The Canada Gairdner Wightman Award recognizes a Canadian health researcher who has demonstrated extraordinary leadership paired with exceptional science. Successful nominees will demonstrate research excellence in the health sciences at an international level as well as superior leadership among their peers, with local, national and international impact. Outstanding candidates at varied levels of career development are eligible.
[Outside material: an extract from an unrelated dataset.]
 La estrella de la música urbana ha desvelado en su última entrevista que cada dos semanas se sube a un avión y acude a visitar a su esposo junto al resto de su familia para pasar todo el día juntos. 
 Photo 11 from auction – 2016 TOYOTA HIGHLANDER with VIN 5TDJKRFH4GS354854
Quality nominations are essential to the evaluation process for this award. Packages should be accurate, current, and complete throughout the five year period of consideration. The nomination portal is open each year from mid-April- October 1 for edits, changes or additions by nominators.
Dr. Ronald has had an outstanding career as a leader at the University of Manitoba, as the physician who provided the leadership in launching the subspecialty of infectious diseases in Canada, and as a leader in the fight against HIV/AIDS in East Africa. He is known in both the developed world and in East Africa for his research as a clinical scientist and as a humanitarian who has given selflessly in nurturing others. He mentored 70 infectious diseases Fellows who have gone on to populate Canadian academic institutions. He began a shared program with the University of Nairobi where over 80 Africans have received MSc or PhD degrees, and in collaboration with major universities over 300 peer-reviewed papers have been published. Central to these have been studies on the epidemiology of HIV and other sexually transmitted diseases.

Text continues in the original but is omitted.